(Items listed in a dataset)

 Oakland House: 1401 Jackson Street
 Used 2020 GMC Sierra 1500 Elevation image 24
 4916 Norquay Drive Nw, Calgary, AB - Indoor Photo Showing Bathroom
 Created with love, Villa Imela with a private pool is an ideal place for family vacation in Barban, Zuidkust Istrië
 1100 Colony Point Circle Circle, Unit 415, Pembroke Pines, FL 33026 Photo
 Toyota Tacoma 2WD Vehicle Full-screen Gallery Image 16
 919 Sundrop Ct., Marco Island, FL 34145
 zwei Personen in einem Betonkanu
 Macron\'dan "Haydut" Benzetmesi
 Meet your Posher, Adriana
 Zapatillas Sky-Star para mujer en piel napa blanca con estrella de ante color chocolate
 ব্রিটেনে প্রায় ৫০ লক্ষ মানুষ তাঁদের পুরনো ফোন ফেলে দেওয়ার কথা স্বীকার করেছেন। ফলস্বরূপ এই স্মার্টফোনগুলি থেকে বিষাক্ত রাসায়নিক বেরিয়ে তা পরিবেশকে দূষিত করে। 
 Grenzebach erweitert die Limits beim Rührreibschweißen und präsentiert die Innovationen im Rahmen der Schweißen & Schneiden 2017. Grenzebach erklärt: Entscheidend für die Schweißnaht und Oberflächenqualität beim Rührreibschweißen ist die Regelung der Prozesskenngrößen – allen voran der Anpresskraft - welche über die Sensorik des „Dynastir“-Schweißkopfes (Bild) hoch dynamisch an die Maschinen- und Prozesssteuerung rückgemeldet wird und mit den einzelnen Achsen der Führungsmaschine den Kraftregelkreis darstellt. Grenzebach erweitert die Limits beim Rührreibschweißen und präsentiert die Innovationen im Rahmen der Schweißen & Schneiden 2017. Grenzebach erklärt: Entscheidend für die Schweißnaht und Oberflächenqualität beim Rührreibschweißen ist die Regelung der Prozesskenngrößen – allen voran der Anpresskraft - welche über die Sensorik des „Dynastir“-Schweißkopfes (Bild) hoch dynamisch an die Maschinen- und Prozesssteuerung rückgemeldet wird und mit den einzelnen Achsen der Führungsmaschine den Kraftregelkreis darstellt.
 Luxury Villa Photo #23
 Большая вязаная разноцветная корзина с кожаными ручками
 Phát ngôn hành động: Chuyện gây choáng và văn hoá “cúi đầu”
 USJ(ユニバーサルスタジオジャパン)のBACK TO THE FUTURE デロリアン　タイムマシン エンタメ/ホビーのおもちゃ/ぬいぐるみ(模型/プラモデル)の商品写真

> [Assignment]:
Going line by line, copy the data above exactly.

> [Result of the task]:
 Oakland House: 1401 Jackson Street
 Used 2020 GMC Sierra 1500 Elevation image 24
 4916 Norquay Drive Nw, Calgary, AB - Indoor Photo Showing Bathroom
 Created with love, Villa Imela with a private pool is an ideal place for family vacation in Barban, Zuidkust Istrië
 1100 Colony Point Circle Circle, Unit 415, Pembroke Pines, FL 33026 Photo
 Toyota Tacoma 2WD Vehicle Full-screen Gallery Image 16
 919 Sundrop Ct., Marco Island, FL 34145
 zwei Personen in einem Betonkanu
 Macron\'dan "Haydut" Benzetmesi
 Meet your Posher, Adriana
 Zapatillas Sky-Star para mujer en piel napa blanca con estrella de ante color chocolate
 ব্রিটেনে প্রায় ৫০ লক্ষ মানুষ তাঁদের পুরনো ফোন ফেলে দেওয়ার কথা স্বীকার করেছেন। ফলস্বরূপ এই স্মার্টফোনগুলি থেকে বিষাক্ত রাসায়নিক বেরিয়ে তা পরিবেশকে দূষিত করে। 
 Grenzebach erweitert die Limits beim Rührreibschweißen und präsentiert die Innovationen im Rahmen der Schweißen & Schneiden 2017. Grenzebach erklärt: Entscheidend für die Schweißnaht und Oberflächenqualität beim Rührreibschweißen ist die Regelung der Prozesskenngrößen – allen voran der Anpresskraft - welche über die Sensorik des „Dynastir“-Schweißkopfes (Bild) hoch dynamisch an die Maschinen- und Prozesssteuerung rückgemeldet wird und mit den einzelnen Achsen der Führungsmaschine den Kraftregelkreis darstellt. Grenzebach erweitert die Limits beim Rührreibschweißen und präsentiert die Innovationen im Rahmen der Schweißen & Schneiden 2017. Grenzebach erklärt: Entscheidend für die Schweißnaht und Oberflächenqualität beim Rührreibschweißen ist die Regelung der Prozesskenngrößen – allen voran der Anpresskraft - welche über die Sensorik des „Dynastir“-Schweißkopfes (Bild) hoch dynamisch an die Maschinen- und Prozesssteuerung rückgemeldet wird und mit den einzelnen Achsen der Führungsmaschine den Kraftregelkreis darstellt.
 Luxury Villa Photo #23
 Большая вязаная разноцветная корзина с кожаными ручками
 Phát ngôn hành động: Chuyện gây choáng và văn hoá “cúi đầu”
 USJ(ユニバーサルスタジオジャパン)のBACK TO THE FUTURE デロリアン　タイムマシン エンタメ/ホビーのおもちゃ/ぬいぐるみ(模型/プラモデル)の商品写真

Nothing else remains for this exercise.